There's nothing like the home opener at PETCO Park as far as Mike Grace is concerned, though you'll forgive him if he's more wrapped up in creating memories for others than he is keeping an eye on the field Tuesday.
"The home opener is kind of the culmination of months of work since the offseason can be long," Grace said. "We're always building to Opening Day. It's kind of our showcase. We really like to put on a great show."
As manager of in-park entertainment, Grace figures to be plenty busy Tuesday, when the Padres face the Giants in front of a sold-out crowd at PETCO Park.
Grace, who has been with the Padres in several capacities since 1998, is essentially the stage manager, writing the pregame script for everything that goes on in-park before all home games.
He is also, of course, a huge Padres fan and he understands that Opening Day -- or, in this case since the Padres opened on the road in St. Louis, the home opener -- is a big deal for fans.
That's why so much preparation has been done for the home opener. You only get one chance to do this right, Grace said.
"We understand that people have traditions built around Opening Day and we want to make sure we put on something they can remember, something different, something that is exciting," Grace said.
This year, the Padres will be celebrating 75 years of Padres baseball, dating back to their Pacific Coast League days. Grace, along with Karen Madden, the Padres' coordinator of entertainment, have invited several Padres alumni from those teams to PETCO for the home opener.

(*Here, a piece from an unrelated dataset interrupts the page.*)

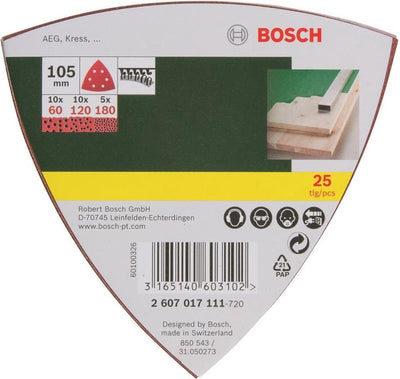 Jeu de 25 feuilles abrasives Bosch pour ponceuses Delta 105 mm - grain 60 ; 120 ; 180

Broadcaster Dick Enberg will emcee the ceremonies and San Diego resident Jason Mraz, a multi-platinum singer and songwriter, is scheduled to sing the national anthem. There will also be an F-18 flyover before the game.
"We feel like there is a lot in store for the fans on Opening Day," Grace said.
Grace, who grew up in Texas, attended plenty of Padres games on visits each summer to see his grandparents. He eventually moved to San Diego and attended San Diego State University, landing a job on the Pad Squad, the in-stadium ambassadors who mix with fans to ensure everyone has a good time.
Grace's first year on the Pad Squad was 1998, the year the Padres went to the World Series. It became evident to him early on that he wanted to work in baseball.
"I got into the whole production of the game, in-game promotions ... everything that had a connection to the fans," said Grace, who started as an intern with the team in 2001 and eventually was hired full-time in '05.
"I really enjoyed being in touch with our hardcore fans and season-ticket holders and liked the production end of it."
Now if Grace can only squeeze in a few free moments to watch the action on the field Tuesday.
"I'm always excited to put on a show for fans," said Grace, who also presides over the Pad Squad and mascot programs and helps with the coordination of special events.
"I still get nervous ... wanting to make sure everything goes right. But I have got to the point where I feel I can delegate a little bit, so at least I'm able to take it all in and also get the feel for the crowd's energy during the game."